Samuel R. Delany’s 1988 The Motion of Light in Water: Sex and Science Fiction Writing in the East Village, 1957–1965 is a Hugo-winning autobiography. The narrative covers the period from the death of his father (when Delany was still a young man) to the point when his career was just starting to take off. He had not yet written the majority of the works for which he is best known.
One might ask why I, a humble middle-brow reviewer, was tapped to review this. I am wondering that myself.
One of the pivotal events in this account is Delany’s marriage to poet Marilyn Hacker . Modern-day readers, aware that Delany is gay, might find this a counterintuitive pairing 1. Note that this was almost a decade before Stonewall and Hacker was pregnant with a child she would later miscarry. In this time and place, social convention and law required marriages to be between men and women, regardless of orientation. In this particular case, both participants were well aware that Delany preferred men to women. They agreed to an open marriage.
The couple managed to make their arrangement function for fourteen years 3, long enough that some important events (the birth of their child, their divorce) fall outside the boundaries of this work.
In the span of time covered by the text, Delany discovers a talent for science fiction. He also goes through a bewildering number of lovers, about whom he writes frankly. He and Hacker also interact with a cross-section of New York’s art world.
Biographies like this don’t just provide a portrait of the author. They illuminate the period in which they lived and the one in which they wrote the autobiography, sometimes in ways of which the author is aware and sometimes in ways that they might not realize that they are illuminating. For example, Delany was quite aware that he faced discrimination because of his race and sexual orientation. But he was seemingly unaware of the looming threat of AIDS. As everyone was. As far as he was concerned (both during the period covered and at the time he was writing the memoir) STDs were just an annoyance to be cured with a quick trip to the doctor. Although Delany was writing in the mid-1980s, by which time HIV was known, the idea of potentially lethal STDs shaping behaviour does not seem to be on his radar 4. The mortality rate in his social circle must have been appalling.

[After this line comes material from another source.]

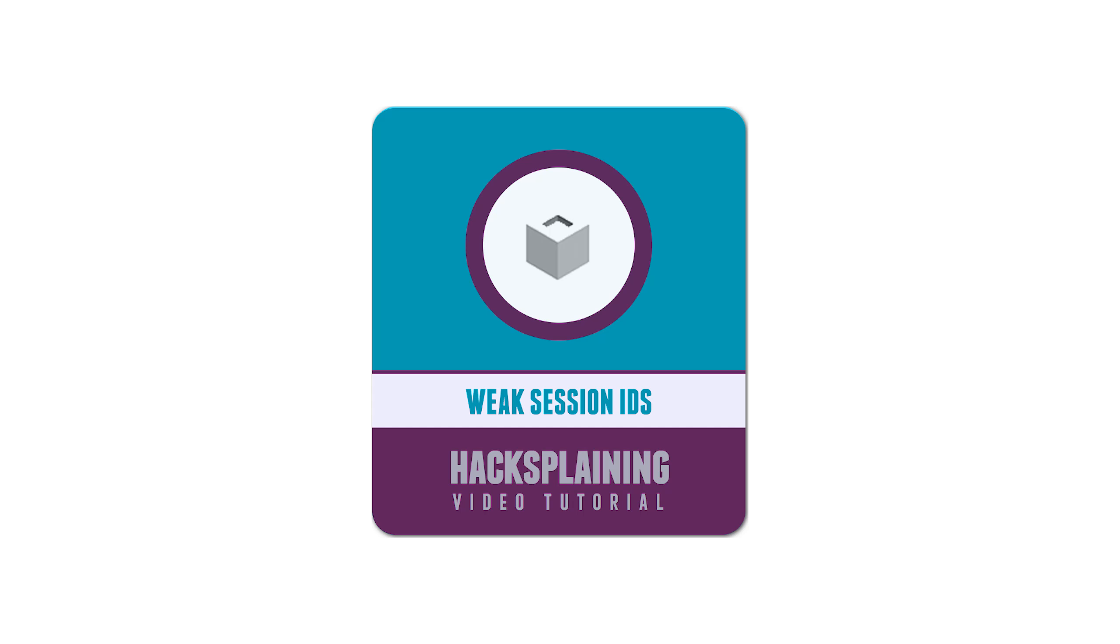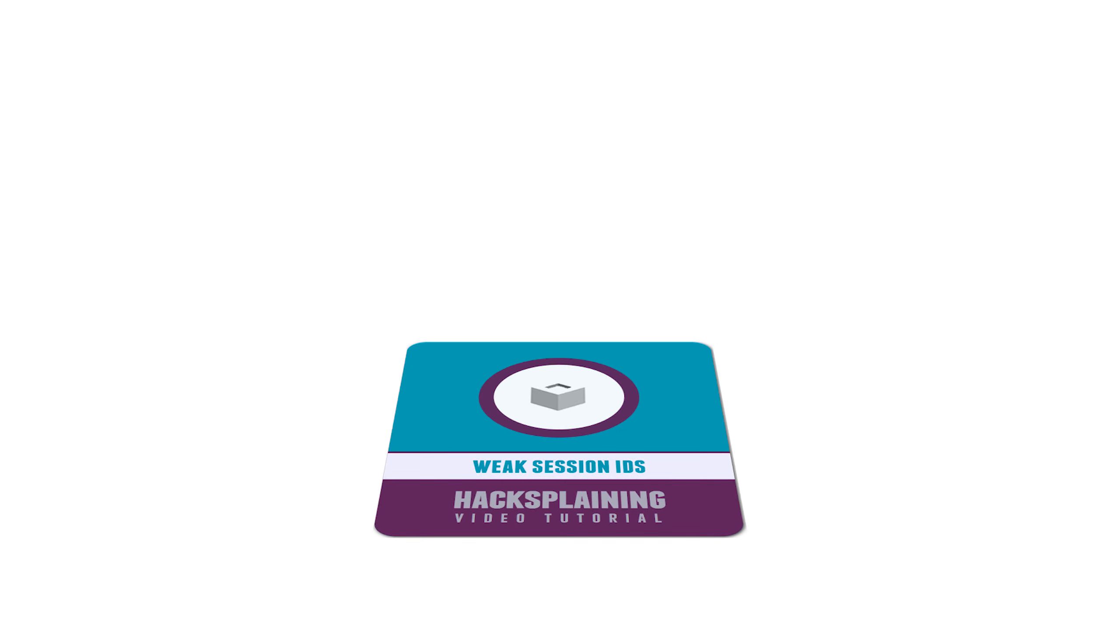Welcome to the Hacksplaining video tutorial series. This video will show you how guessable session IDs can make your website vulnerable to session hijacking.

The image that emerges from the text is of a bright, curious, but oddly detached figure. Delany observes and considers what he sees; he seems to eschew judgment. This frees him to reject convention and adopt a counter-culture lifestyle, but it also means that he’s apparently indifferent to one lover’s habit of raping old ladies. I remember (having lived through the era) similar attitudes towards rape in fiction. Various works (ranging from The Girl, The Gold Watch and Everything to There Was a Crooked Man )feature comedic gang rapes. Despite knowing that this was condoned at the time, this one incident kicked me out of the book. Though I managed to finish reading, I was left with a sour taste that kept me from enjoying the rest of the autobiography.
The Motion of Light in Water: Sex and Science Fiction Writing in the East Village, 1957–1965 is available here.
1: What would have raised eyebrows back then would have been the mixed-race aspect: Delany is black and Hacker is Jewish 2.Years before Loving, only two states in the whole of the United States allowed marriage between people such as Delany and Hacker.
2: Is there a non-contentious way to ask when Americans started classifying Jews as white? Not by the period covered by this book: not only was Numerous Clausus still in force at various institutions, but Hacker ended up working for Wollheim at Ace because he made a point of hiring Jews. Cocking a snook at competitors who made a point of not hiring them.
3: If I recall correctly, marriages ending in divorce last an average of eight years. Delany and Hacker were married for fourteen.
4: Frank M. Robinson, who some of you may know best as the author of works like The Power, The Glass Inferno , and The Dark Beyond the Stars , got a lot of agro for proposing that people change their behaviour in light of the fact unprotected sex now had potentially lethal consequences (as detailed in And The Band Played On ). Even at the time, people were slow to grasp the significance of lethal, incurable, at-the-time untreatable STDs.
It’s possible that someone reading this memoir a few decades from now would miss the significance of this insouciance re HIV. Perhaps because HIV will have been cured by then, perhaps because they will not have lived through the sad period when infections and death rates were soaring.